Don't Forget About Car Insurance
Your auto insurance policy isn't tied to your auto loan, but it could still present an opportunity for saving. Here are some potential ways you can reduce your auto insurance premiums:
- Contact your insurer. Speak to your current insurance agent to see if there are ways to cut back on your monthly rate without sacrificing too much of your coverage. For example, if you no longer have a commute, you may be able to save as your expected annual mileage has dropped.
- Shop around. Regardless of how long it's been since you compared auto insurance rates, it may be a good time to shop around to see if you're leaving money on the table. Search online and request quotes from multiple insurers to make sure you get the best rates available.

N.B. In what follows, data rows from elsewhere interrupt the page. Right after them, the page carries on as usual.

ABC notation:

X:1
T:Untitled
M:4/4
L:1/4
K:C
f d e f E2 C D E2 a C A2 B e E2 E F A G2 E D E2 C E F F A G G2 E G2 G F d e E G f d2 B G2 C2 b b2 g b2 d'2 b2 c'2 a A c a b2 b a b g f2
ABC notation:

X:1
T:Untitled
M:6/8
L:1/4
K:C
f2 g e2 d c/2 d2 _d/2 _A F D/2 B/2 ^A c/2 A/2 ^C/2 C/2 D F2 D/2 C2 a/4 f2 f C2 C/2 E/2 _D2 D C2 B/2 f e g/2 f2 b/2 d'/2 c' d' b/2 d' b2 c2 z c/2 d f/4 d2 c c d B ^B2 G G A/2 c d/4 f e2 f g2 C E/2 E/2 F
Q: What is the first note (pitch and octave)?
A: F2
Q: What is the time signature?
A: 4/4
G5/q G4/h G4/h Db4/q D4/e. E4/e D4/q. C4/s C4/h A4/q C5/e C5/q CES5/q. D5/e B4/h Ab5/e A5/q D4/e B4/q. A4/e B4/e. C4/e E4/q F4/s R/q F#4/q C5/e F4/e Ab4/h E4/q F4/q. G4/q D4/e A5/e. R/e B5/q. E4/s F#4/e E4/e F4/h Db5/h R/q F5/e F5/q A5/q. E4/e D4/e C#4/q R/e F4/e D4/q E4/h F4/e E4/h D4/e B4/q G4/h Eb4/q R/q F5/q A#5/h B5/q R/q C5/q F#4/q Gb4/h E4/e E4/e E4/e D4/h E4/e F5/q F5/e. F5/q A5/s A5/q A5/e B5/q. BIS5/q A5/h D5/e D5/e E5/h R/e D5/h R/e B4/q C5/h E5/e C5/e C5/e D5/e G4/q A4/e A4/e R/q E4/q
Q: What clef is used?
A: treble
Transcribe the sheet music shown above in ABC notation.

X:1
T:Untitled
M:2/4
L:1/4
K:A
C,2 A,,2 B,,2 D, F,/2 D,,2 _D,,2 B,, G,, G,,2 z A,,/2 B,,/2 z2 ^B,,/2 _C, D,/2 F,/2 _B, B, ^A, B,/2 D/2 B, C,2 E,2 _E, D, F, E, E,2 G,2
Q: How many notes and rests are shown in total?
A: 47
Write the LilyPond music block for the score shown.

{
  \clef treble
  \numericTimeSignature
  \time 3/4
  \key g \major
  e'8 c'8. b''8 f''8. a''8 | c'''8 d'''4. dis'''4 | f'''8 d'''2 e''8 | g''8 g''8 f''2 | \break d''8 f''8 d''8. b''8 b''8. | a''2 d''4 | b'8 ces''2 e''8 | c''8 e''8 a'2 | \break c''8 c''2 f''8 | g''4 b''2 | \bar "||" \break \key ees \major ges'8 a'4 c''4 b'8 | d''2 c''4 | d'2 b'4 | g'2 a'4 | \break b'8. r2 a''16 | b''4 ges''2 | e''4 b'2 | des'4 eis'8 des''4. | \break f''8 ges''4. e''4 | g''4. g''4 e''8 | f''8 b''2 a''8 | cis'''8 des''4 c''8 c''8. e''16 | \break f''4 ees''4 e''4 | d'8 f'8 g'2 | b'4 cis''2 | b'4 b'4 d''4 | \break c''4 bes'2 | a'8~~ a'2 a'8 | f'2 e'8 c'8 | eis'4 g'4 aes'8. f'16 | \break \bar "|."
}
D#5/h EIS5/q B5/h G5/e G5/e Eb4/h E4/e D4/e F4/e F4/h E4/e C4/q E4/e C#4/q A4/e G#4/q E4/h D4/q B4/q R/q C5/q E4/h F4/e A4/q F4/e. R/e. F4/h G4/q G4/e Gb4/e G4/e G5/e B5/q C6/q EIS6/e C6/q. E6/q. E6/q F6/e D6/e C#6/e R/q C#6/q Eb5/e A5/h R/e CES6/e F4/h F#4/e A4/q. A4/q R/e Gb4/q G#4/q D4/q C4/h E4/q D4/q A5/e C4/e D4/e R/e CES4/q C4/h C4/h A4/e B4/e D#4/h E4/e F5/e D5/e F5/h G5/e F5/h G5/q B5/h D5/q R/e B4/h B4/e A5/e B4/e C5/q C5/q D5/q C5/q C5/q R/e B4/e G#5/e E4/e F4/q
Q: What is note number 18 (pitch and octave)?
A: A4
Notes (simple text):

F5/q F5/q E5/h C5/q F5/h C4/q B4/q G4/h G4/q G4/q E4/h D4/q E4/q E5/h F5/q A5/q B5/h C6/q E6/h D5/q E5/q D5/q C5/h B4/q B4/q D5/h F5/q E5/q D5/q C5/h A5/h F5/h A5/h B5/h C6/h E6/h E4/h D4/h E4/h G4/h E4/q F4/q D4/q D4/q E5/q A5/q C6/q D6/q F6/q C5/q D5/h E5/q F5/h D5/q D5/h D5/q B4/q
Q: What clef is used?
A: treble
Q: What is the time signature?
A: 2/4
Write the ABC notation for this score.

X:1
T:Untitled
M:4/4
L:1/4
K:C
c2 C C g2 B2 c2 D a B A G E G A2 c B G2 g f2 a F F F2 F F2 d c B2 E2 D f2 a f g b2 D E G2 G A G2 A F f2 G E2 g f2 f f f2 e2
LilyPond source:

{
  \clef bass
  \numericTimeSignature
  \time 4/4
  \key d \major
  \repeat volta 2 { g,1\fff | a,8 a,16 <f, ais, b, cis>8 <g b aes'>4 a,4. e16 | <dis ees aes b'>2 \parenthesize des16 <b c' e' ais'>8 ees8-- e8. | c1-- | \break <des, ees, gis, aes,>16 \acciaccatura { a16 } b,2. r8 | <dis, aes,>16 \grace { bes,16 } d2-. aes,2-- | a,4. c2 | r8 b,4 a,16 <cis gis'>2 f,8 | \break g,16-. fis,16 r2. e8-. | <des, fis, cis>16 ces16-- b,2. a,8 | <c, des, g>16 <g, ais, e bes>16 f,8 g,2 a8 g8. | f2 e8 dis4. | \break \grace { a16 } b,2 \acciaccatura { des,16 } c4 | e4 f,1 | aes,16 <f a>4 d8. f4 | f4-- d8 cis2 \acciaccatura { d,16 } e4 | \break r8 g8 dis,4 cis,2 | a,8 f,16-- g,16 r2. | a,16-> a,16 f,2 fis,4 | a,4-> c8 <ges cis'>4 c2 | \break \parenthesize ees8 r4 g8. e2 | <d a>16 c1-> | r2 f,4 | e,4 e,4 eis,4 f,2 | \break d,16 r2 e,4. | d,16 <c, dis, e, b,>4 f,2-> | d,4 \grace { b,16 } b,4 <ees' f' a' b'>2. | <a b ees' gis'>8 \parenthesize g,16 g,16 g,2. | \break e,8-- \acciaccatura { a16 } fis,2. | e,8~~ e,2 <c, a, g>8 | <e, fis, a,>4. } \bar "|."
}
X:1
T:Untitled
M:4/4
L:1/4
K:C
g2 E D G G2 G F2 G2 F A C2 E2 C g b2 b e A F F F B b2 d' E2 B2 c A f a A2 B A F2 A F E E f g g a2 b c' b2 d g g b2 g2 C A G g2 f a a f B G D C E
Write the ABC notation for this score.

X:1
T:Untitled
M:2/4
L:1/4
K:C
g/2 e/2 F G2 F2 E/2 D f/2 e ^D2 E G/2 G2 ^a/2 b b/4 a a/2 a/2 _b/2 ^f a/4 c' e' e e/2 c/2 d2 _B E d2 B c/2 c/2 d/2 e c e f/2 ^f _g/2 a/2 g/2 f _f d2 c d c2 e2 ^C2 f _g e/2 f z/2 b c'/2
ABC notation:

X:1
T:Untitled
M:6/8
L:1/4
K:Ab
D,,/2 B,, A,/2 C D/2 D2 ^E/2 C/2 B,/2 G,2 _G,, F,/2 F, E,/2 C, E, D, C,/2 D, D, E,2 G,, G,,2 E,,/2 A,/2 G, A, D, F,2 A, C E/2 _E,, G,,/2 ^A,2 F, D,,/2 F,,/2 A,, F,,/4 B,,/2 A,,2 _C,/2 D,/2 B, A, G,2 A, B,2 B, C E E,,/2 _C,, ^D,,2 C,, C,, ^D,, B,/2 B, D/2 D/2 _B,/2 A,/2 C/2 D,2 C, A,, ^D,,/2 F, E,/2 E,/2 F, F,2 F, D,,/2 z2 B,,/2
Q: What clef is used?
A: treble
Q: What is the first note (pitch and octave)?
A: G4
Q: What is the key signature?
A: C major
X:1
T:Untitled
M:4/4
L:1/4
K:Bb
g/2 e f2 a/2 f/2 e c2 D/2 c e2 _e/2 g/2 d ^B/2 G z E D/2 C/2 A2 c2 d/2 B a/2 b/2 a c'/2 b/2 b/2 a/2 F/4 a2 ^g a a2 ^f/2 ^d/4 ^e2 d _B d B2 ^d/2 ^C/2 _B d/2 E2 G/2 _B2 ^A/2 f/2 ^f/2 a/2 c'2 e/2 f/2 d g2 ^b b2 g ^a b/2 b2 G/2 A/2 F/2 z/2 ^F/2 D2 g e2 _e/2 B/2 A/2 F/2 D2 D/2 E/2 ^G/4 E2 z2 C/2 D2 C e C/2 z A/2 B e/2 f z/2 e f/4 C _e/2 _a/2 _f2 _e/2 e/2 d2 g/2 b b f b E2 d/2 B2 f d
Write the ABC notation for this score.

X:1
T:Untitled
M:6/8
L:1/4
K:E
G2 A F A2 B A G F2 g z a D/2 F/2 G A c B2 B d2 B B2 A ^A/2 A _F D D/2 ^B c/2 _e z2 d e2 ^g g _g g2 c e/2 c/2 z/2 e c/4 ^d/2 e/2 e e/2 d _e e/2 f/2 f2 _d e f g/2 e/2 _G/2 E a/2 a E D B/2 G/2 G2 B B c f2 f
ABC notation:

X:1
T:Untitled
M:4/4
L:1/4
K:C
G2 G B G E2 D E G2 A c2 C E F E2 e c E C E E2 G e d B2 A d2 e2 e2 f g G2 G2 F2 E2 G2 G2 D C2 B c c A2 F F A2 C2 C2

- Make changes to your policy. Take a look at your policy to see if you can get rid of unnecessary coverage or increase your deductibles to save money on your monthly rate, making sure you abide by your lender's insurance requirements. And keep in mind that if you cut too much, it could backfire if you end up needing it in the future.
It's hard to say exactly how much you can save on your insurance bill with these efforts, but even a small amount can make a big difference when you're struggling.
Look for Other Ways to Save and Make Money
If you're struggling to make your monthly auto payments, cutting your budget in other ways could help make more room to pay your debts. Look for opportunities to cut unnecessary expenses, including subscriptions and other recurring charges.
Also, look for ways to make money fast, such as getting temporary work, selling unused items and more.